COLLECTED DATA:

+ + + + + + +

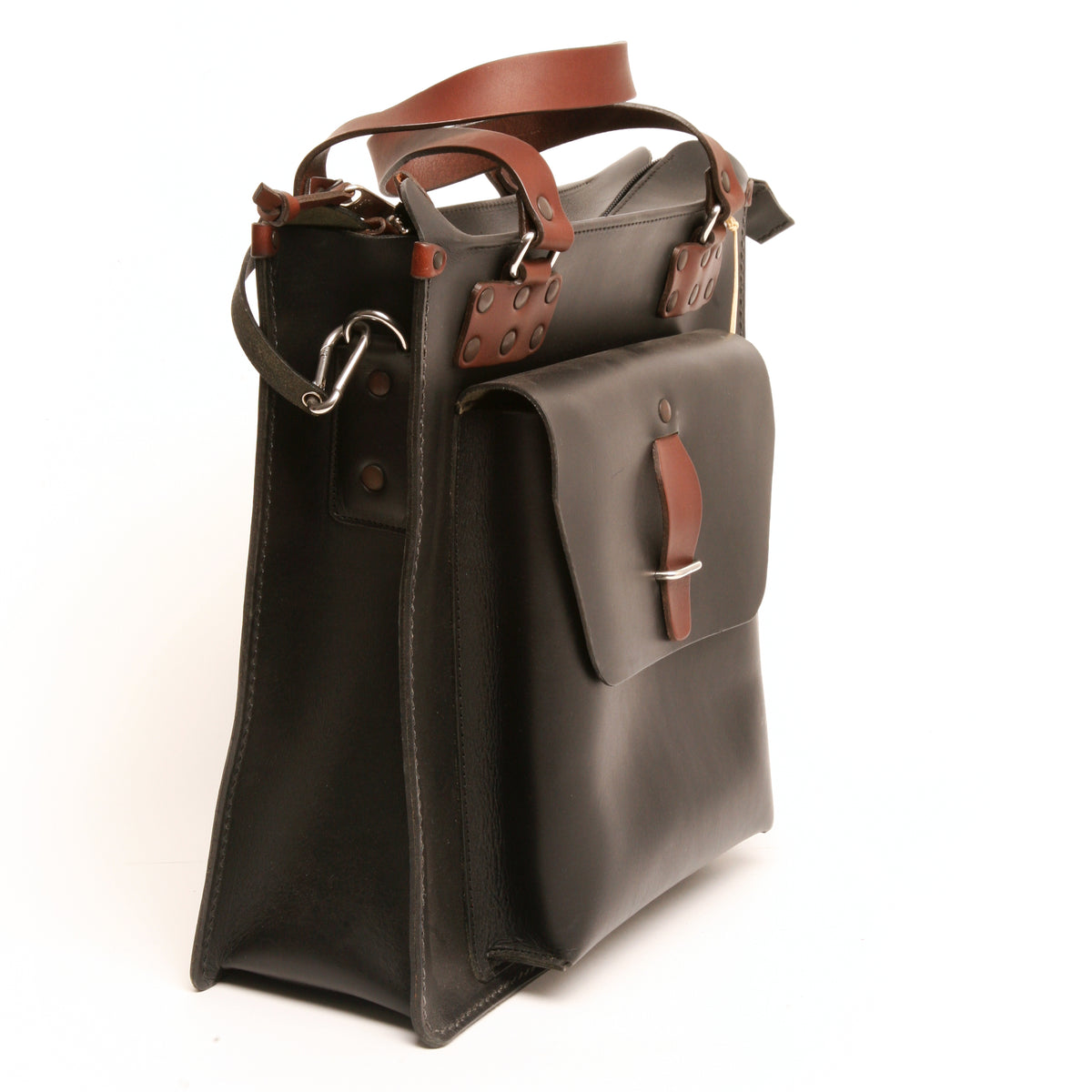 NENJUU plus bag in premium top-quality vegetable-tanned leather, hardware detail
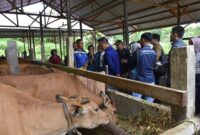 Kunjungan Pansus LKPJ di Samboja (Humas DPRD KALTIM)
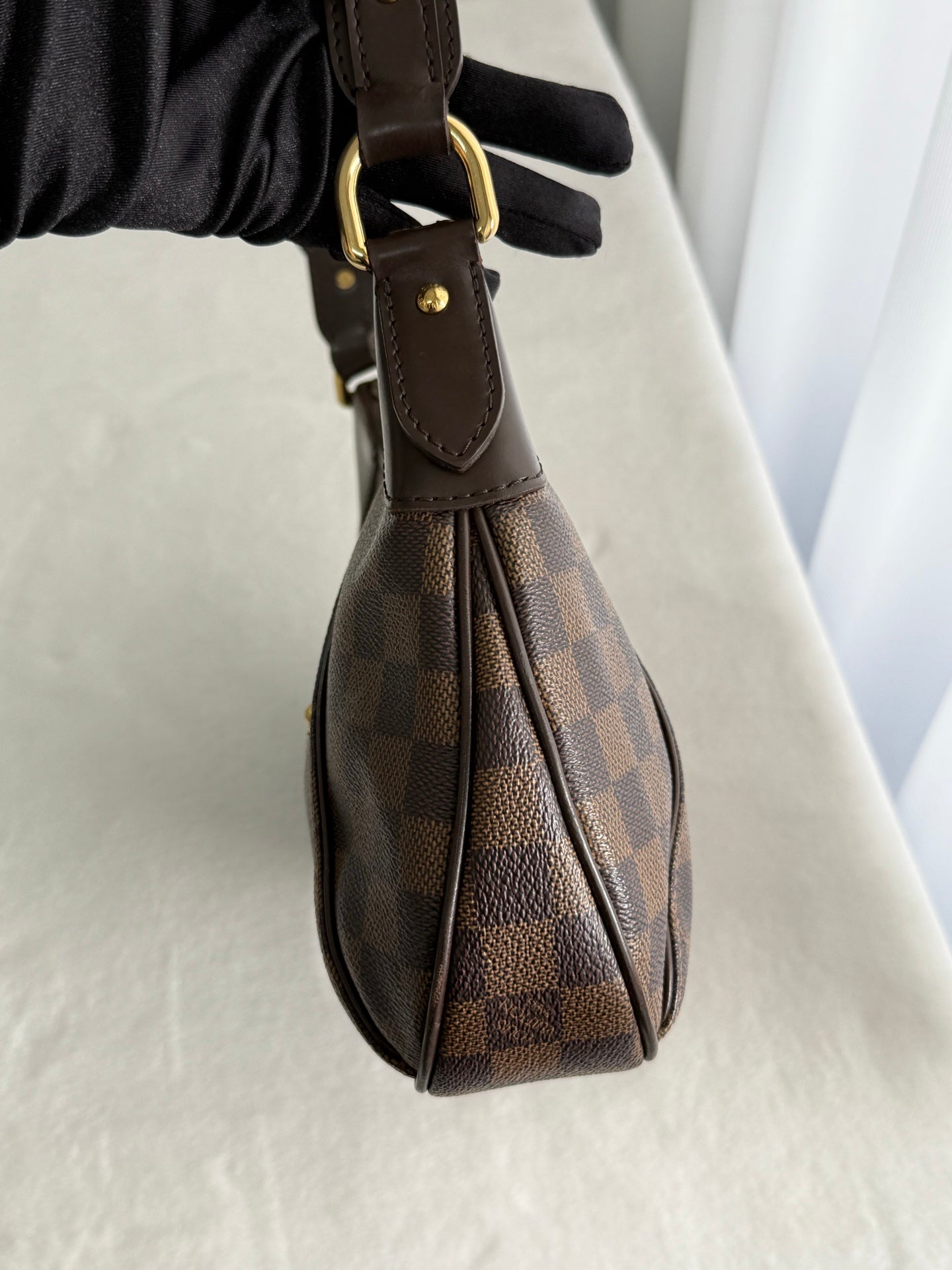 LOUIS VUITTON Damier Handbag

+ + + + + + +

TASK DETAILS:
Would you reproduce the lines from the one with "Kunjungan Pansus LKPJ" through the final line of the data above, exactly and only those, without any pictures?

EXERCISE OUTPUT:
 Kunjungan Pansus LKPJ di Samboja (Humas DPRD KALTIM)
 LOUIS VUITTON Damier Handbag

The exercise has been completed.